Zach White said he is excited to hear from Eduardo Corral, one of the three acclaimed award-winning poets who will be highlighted at the festival.
Corral said he thinks poetry festivals are important because they open up spaces for poetry to exist in the local communities and make it accessible to everyone.
“People have this idea that poetry is hard to understand or it's not for everyone and that’s not the case," Corral said. "Poetry is for the general audience, it is for students, not just for people in academia."
Corral, the 2011 winner of the Yale Younger Poets Prize, will be reading from his second book, "Guillotine," which he has been writing for approximately eight years. Corral said "Guillotine" was inspired by how we use language in a beautiful way to describe pain, trauma and hurt.
The book has not yet been published, so attendees will get an exclusive preview of what's to come. The collection will officially be published in August 2020.
Several poets participating in the festival have stated that they appreciate the strong community of poets here in North Carolina. They also say that the festival is important to bringing poets together in the area.
Corral said one of the reasons he moved to North Carolina was because of the strong community of writers here.
“I went from Queens, New York, to Raleigh, North Carolina, because I love the community here, writers and readers alike," Corral said. "There's a lot of people interested in literary arts here in Raleigh, and the Triangle area in general. So it's great. And I really enjoy working here, as they say, I couldn't be happier.”

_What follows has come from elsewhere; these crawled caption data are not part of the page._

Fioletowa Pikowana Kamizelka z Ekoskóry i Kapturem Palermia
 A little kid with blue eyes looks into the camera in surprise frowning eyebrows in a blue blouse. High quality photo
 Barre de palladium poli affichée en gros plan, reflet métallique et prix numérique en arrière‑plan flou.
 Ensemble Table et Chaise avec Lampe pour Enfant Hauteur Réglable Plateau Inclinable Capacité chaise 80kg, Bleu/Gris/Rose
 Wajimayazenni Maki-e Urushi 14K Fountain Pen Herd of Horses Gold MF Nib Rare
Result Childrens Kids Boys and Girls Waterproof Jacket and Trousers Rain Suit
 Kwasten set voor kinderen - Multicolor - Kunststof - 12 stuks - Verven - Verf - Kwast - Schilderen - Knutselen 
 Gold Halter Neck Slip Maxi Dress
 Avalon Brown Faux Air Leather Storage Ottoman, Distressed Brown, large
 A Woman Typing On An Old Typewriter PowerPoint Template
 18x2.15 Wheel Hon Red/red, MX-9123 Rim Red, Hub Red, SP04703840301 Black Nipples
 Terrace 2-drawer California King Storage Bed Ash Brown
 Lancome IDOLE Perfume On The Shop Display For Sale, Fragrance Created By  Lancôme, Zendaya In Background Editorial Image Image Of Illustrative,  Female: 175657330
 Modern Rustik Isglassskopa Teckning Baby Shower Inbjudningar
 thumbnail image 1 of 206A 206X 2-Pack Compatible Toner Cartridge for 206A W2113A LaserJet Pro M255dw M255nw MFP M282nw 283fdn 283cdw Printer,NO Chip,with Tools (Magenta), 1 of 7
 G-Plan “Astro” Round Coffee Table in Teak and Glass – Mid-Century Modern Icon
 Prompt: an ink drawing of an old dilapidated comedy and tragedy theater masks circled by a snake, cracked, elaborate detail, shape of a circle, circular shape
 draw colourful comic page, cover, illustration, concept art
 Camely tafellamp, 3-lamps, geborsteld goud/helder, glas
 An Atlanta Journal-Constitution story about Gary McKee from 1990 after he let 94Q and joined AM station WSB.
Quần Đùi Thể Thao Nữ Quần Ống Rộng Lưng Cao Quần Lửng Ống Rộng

Jacinta White said she is looking forward to meeting and hearing from the other poets.
“The festival helps bring poetry out from the book and directly into people's lives,” White said. "I consider it an honor to be a part of the festival, and I'm excited to share and have a good time."
Fred Joiner, a poet laureate of Carrboro and winner of a National Academy of American Poets award, said he likes to describe North Carolina as the writing capital of the South.
“It has a very rich community of writers from different cities all over, from the mountains all the way down to cities like Charlotte,” Joiner said.
Joiner will be performing two of his own pieces on Oct. 18 at Flyleaf.
“Poetry is valuable in communities because it captures experiences and feelings in our lives in a manner that everyday common language cannot or just fails to articulate," Joiner said.
This festival is free and open to the public.